### Problem description
All of the listing, from first line to last, should be output exactly; the pictures stay out.

··· Recorded information ···

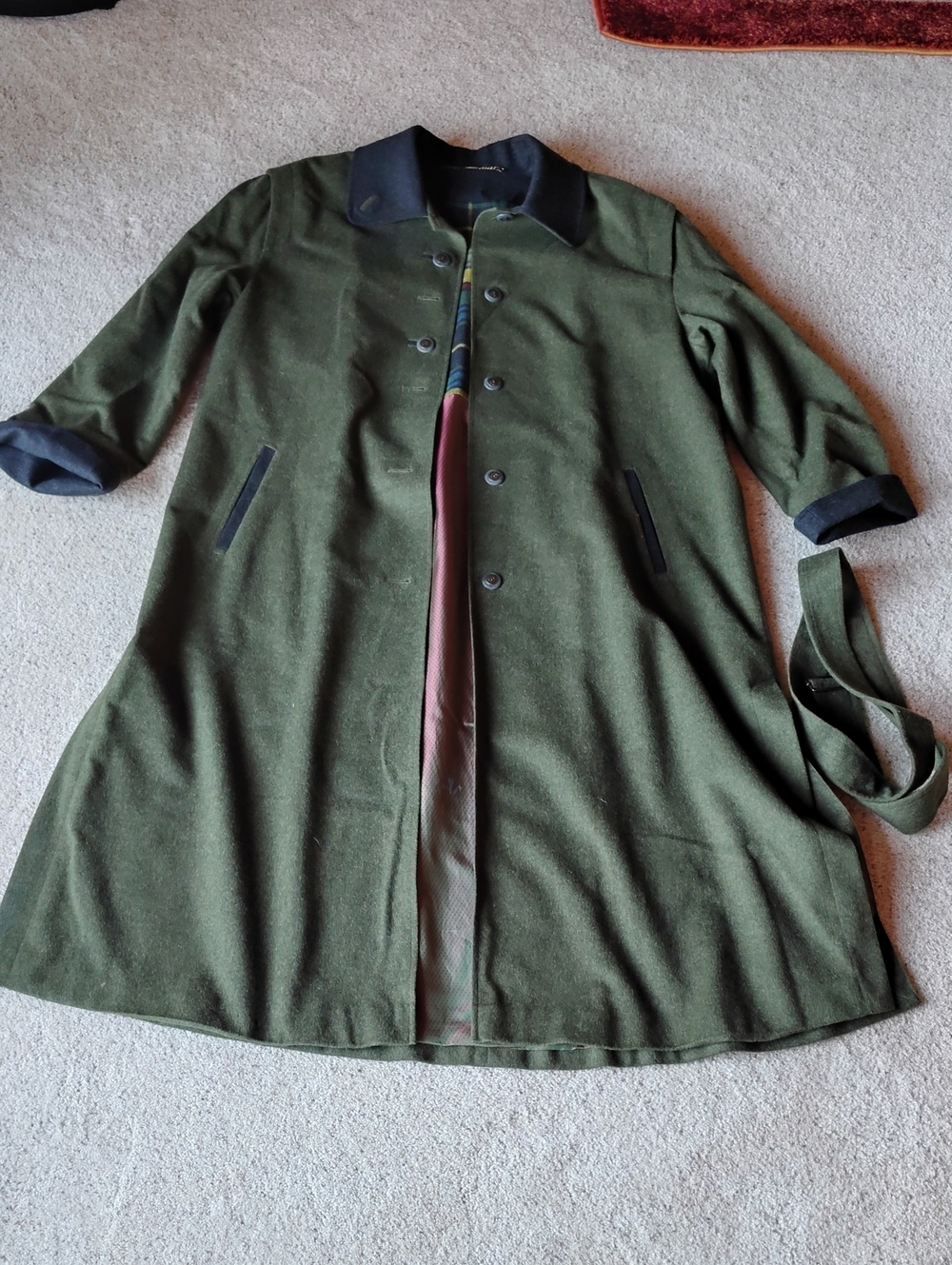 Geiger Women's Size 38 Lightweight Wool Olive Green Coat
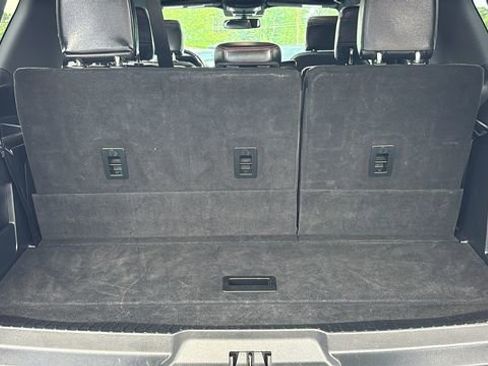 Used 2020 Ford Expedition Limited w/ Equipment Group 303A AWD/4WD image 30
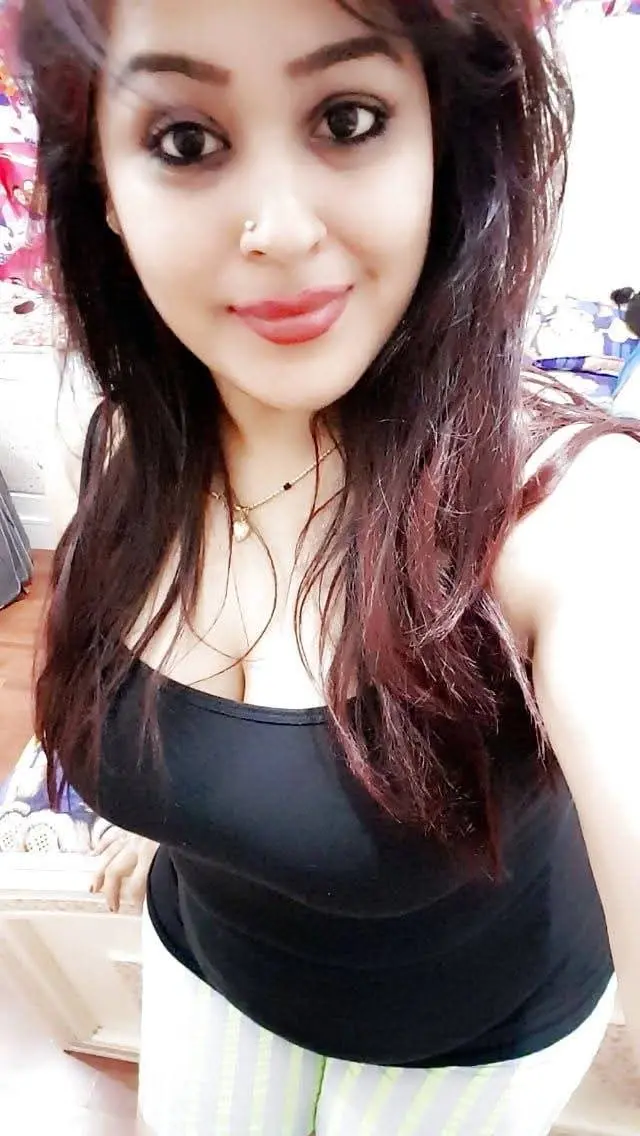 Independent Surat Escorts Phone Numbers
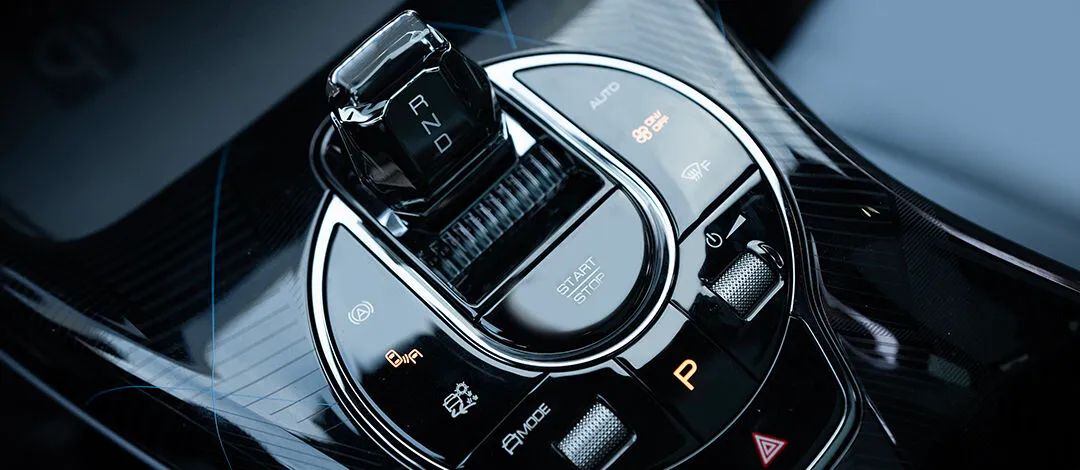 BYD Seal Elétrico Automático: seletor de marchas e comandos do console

···

### Your solution
 Geiger Women's Size 38 Lightweight Wool Olive Green Coat
 Used 2020 Ford Expedition Limited w/ Equipment Group 303A AWD/4WD image 30
 Independent Surat Escorts Phone Numbers
 BYD Seal Elétrico Automático: seletor de marchas e comandos do console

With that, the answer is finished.